WASHINGTON -- President Clinton's "honorable compromise" on the issue of gays in the military demonstrates as much as anything his talent for making a silk purse out of a sow's ear.
Although the policy recommended by the Joint Chiefs of Staff and accepted by him is a considerable pullback from his campaign promise to lift the ban entirely on homosexuals serving in the armed forces, Clinton couched his acceptance of it in terms of a welding of "principle and practicality" in the face of stiff opposition in the military and in Congress to lifting the ban.
While citing studies that he said indicated no past damage to military "unit cohesion" by the presence of gays in uniform, Clinton nevertheless bowed to the stated fears of military and some congressional leaders, such as Sen. Sam Nunn, by obliging gays to keep their sexual preference to themselves or invite "a rebuttable presumption" of misconduct.
At the time Clinton announced his intention to lift the ban, he stipulated his view that behavior should be the yardstick by which any member of the armed forces should be judged under the uniform code of military conduct. He repeated that position in disclosing the new policy. But the critical issue is what constitutes misconduct; most gays who believe their lifestyle is legitimate and straights who see it as aberrational are worlds apart on the matter.

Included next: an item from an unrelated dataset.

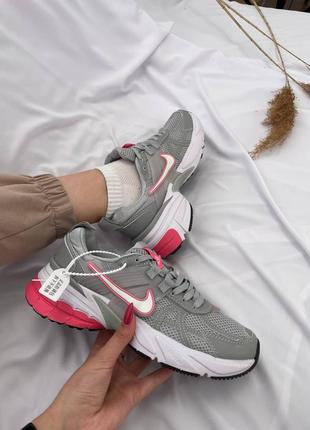 Жіночі кросівки nike runtekk grey pink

Once again Bill Clinton has found it necessary to trim back a campaign position to accommodate the political realities. He learned from Nunn almost at the outset of the debate that if he tried to railroad a complete lifting of the ban through, Congress would reverse him so emphatically that any veto attempt would be overridden. With this policy, the president hopes to avoid that circumstance, but it is far from clear that Congress won't reject even this compromise.
The new policy amounts essentially to the interim plan that went into effect when Clinton first announced his intention to lift the ban and called on Secretary of Defense Les Aspin, in conjunction with the Joint Chiefs of Staff, to produce a report on how to implement it. Recruits are not asked about their sexual preference and can continue to serve as long as they are not guilty of misconduct.
But the latest refinement says that if, once in uniform, they acknowledge they are gay, that will be cause to discharge them, with the caveat that they will have an opportunity to take issue with the "presumption" that by being gay, they will violate the military code of conduct in their personal lives.
By specifically declaring that any "unsuitable conduct" committed "at all times in all places" will be cause for discharge, the new policy seems to reject the compromise proposal of Democratic Rep. Barney Frank, one of Congress' two avowed homosexuals, that would have permitted gays to pursue the gay social lifestyle publicly off base.
However, the Associated Press has quoted White House officials as saying gays could patronize gay bars or take part in gay marches as long as they did not engage in public displays of affection toward members of their own sex.
Clinton in his speech to senior military officers called the policy "a real step forward" but he was well aware that it constituted a retreat from his earlier more categorical position against the ban on gays.
He cast his decision in terms that will appeal to many outside the gay community -- that while "as president of all the American people, I am pledged to protect and promote individual rights . . . as commander-in-chief, I am pledged to protect and advance our security."
And he made a point of saying he was defending individual, not group, rights -- a way of saying he was not siding with any of the gay protest groups whose tactics cause discomfort to many heterosexual Americans.
But once again the president finds himself caught between ambitious and categorical campaign rhetoric and the hard reality of governing, and having to roll back.
In the current climate of doubt about his leadership, he may not benefit much from striking a compromise -- though compromise is said to be the prime art of politics.